Tous les matins, même heure. Même commande. Cappuccino sans sucre. Avec totem, comme elle dit.
Elle croit que je ne remarque rien. Mais je vois tout. Le pli de concentration entre ses sourcils quand elle verse le lait. Ses yeux qui surveillent ma réaction, en douce. Son petit sourire crispé quand elle pose la tasse.
Elle essaie de me faire rire. Je le sais.
Et moi ? Je fais semblant de rien.
Parce que je ne sais pas comment gérer ce genre de choses. Les gestes gratuits. La douceur sans raison. Les dessins dans la mousse. Qui fait ça ? Qui s'acharne à vouloir provoquer un sourire chez quelqu'un comme moi ?
Elle, visiblement.
Aujourd'hui, c'était un chat. Rond, tordu, avec des yeux trop grands. Raté. Mais mignon. Comme toujours.
Je l'ai bu sans un mot.
Mais j'ai failli sourire. Et je déteste ça.
Parce qu'un sourire, ça fait tomber des murs. Et les miens sont là pour une bonne raison.
Je suis sorti sans un mot. Comme d'habitude.
Mais demain, je reviendrai.
Et j'espère qu'elle recommencera.
★★★
Je suis en avance. De trois minutes exactement.
C'est ridicule. Je le sais. Mais mon rythme biologique s'est calé sur cette absurdité : un cappuccino, sans sucre, avec un animal ridicule dessiné dans la mousse.
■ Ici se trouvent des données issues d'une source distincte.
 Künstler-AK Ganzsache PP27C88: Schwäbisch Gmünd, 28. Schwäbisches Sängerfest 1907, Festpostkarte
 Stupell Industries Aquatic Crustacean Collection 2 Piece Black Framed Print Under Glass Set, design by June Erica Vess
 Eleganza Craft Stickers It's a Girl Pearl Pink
Je n'ai parlé à personne de ce rituel. Pas à Ben. Pas à mes associés. Encore moins à ma secrétaire. Parce qu'ils riraient. Ou pire : ils comprendraient. Que quelque chose en moi se fissure.
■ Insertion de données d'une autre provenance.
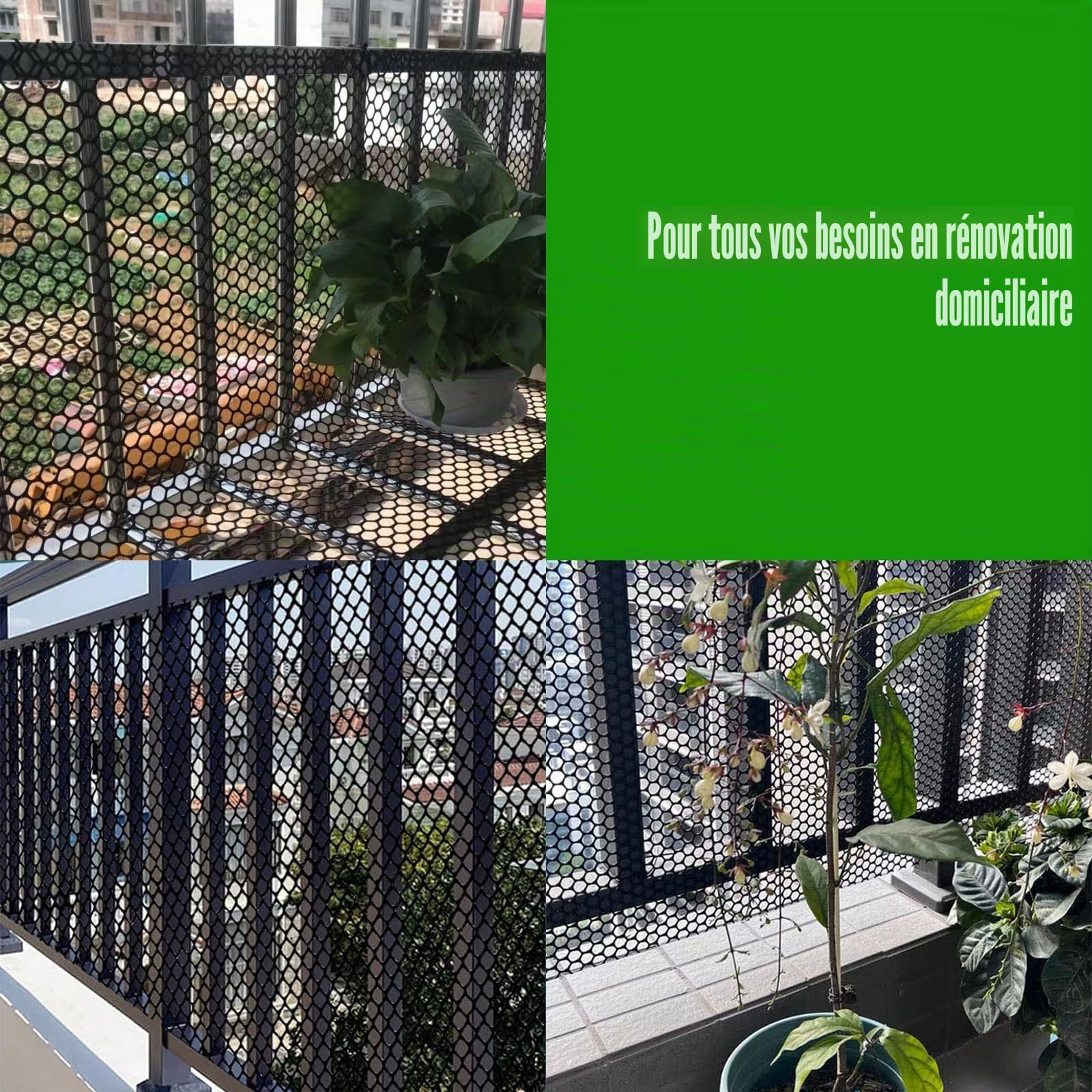 Rouleau de clôture en plastique noir – Rouleau de grillage en plastique de 8 mm pour clôture de jardin, clôture pour chien, clôture de balcon et clôture temporaire (40 cm x 10 m)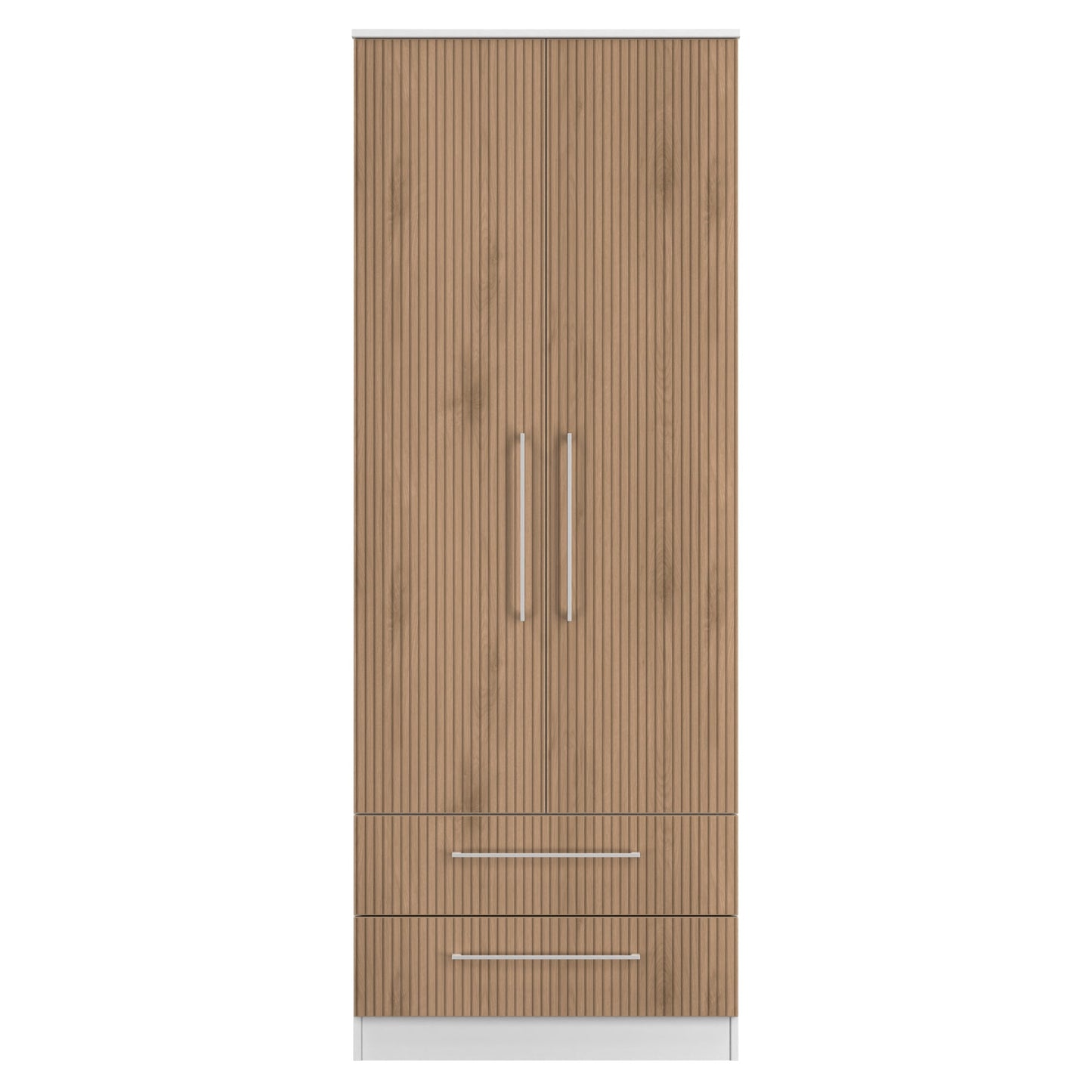 Worcester Tall Wardrobe White & Light Oak 2 Doors 2 Drawers 74cm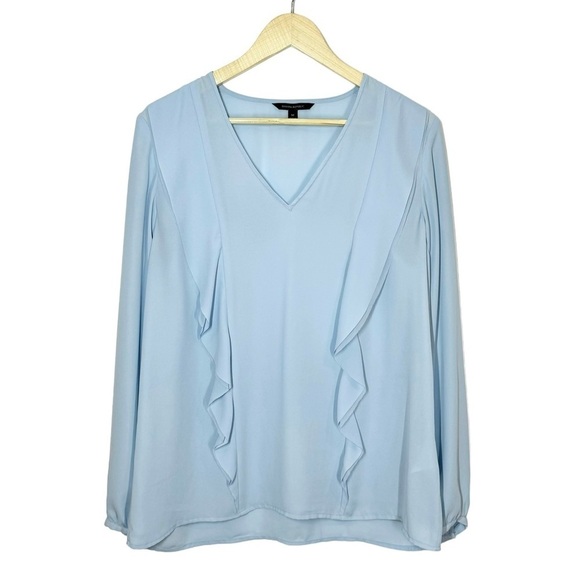 Banana Republic V-Neck Ruffle Blouse with Balloon Long Sleeve Medium - Picture 1 of 7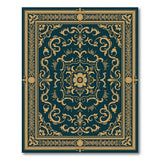 Ornate Teal Gold Floral Medallion Rug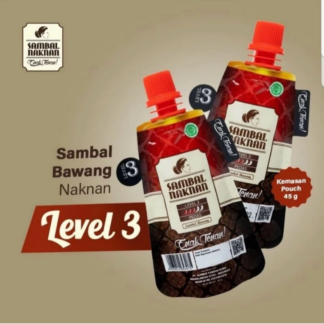 NAKNAN Sambal Bawang Level 3 (PEDAS) Pouch 45gr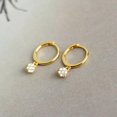 thumbnail image 3 of QQTDFG 925 Sterling Silver Round CZ Huggie Hoop Dangle Drop Earrings F0052-Gold, 3 of 9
J'entre. La clochette tinte. Elle lève les yeux, surprise. Elle était en train d'écrire sur une serviette en papier, le stylo encore entre les doigts.
— Trois minutes d'avance, dit-elle en souriant. J'étais pas prête.
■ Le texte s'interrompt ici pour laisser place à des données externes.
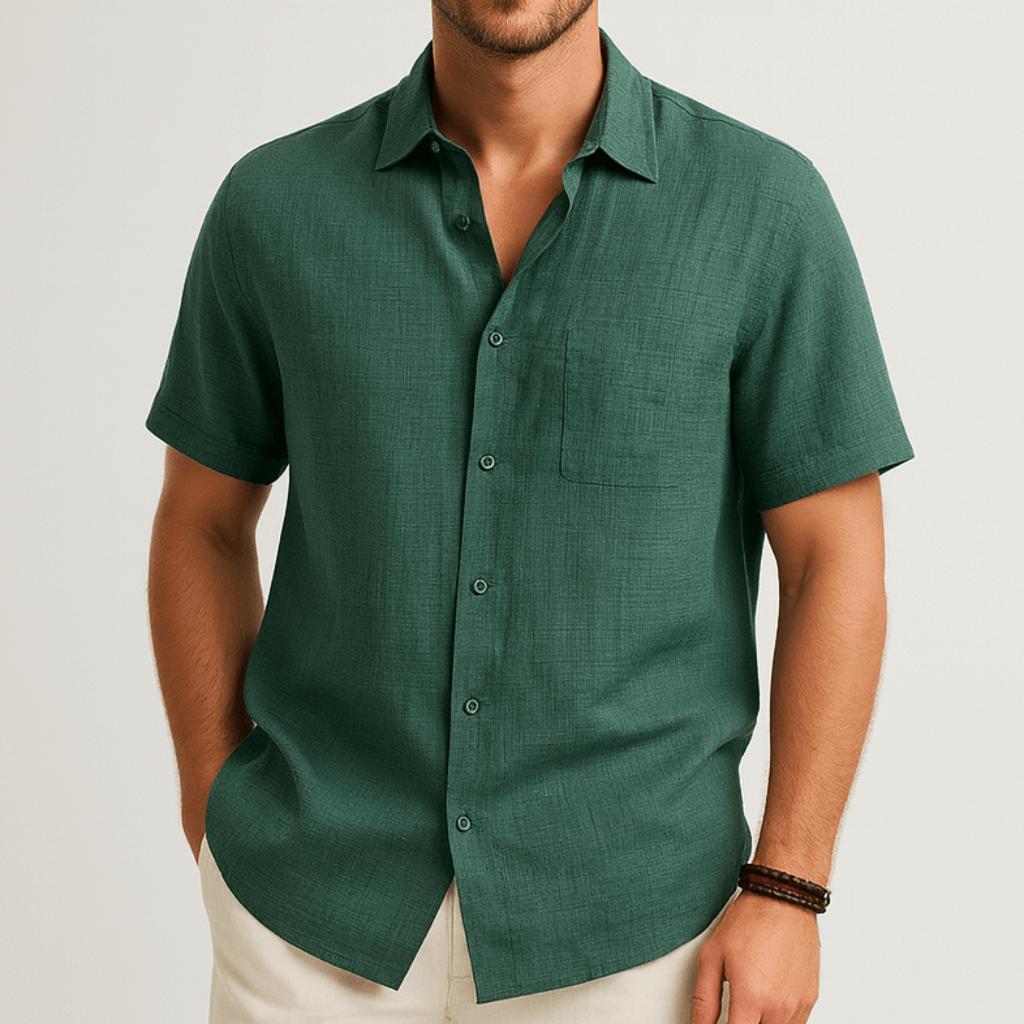 Joshua | Men's Short Sleeve Cotton Shirt - Green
Je ne dis rien. Elle s'agite derrière le comptoir, comme si ça pouvait camoufler le fait qu'elle m'attendait, elle aussi.
Le bruit de la machine à café. La vapeur. L'odeur.
Elle revient. Pose la tasse devant moi, plus nerveuse que d'habitude.
— J'ai tenté un truc un peu... différent, murmure-t-elle. J'espère que ça va pas faire peur.
Je baisse les yeux. Un dragon. Un tout petit dragon dodu, recroquevillé sur lui-même, avec des ailes maladroites et une queue qui forme un cœur. La mousse est parfaitement lisse. Le dessin, étonnamment précis.
Et c'est si absurde. Si attendrissant. Que je laisse échapper... un souffle. Pas un rire. Mais presque. Le genre de son qui échappe avant qu'on ait le temps de le retenir.
Je lève les yeux vers elle. Elle me fixe, les joues rouges.
— C'est raté ?
Je secoue lentement la tête.
— Non. C'est... un dragon. C'est bien.
Elle ouvre la bouche pour répondre, mais ne trouve rien à dire.
Je prends une gorgée. Et cette fois, je parle.
— Vous allez finir par y arriver, vous savez.
— À quoi ? demande-t-elle, presque en chuchotant.
Je la regarde droit dans les yeux.
— Me faire rire.
Un silence. Et soudain, elle éclate de rire. Un vrai, pas discret, pas retenu. Un truc qui déborde.
Elle rit. Et je reste là. Immobile.
Avec, peut-être, un minuscule sourire en coin.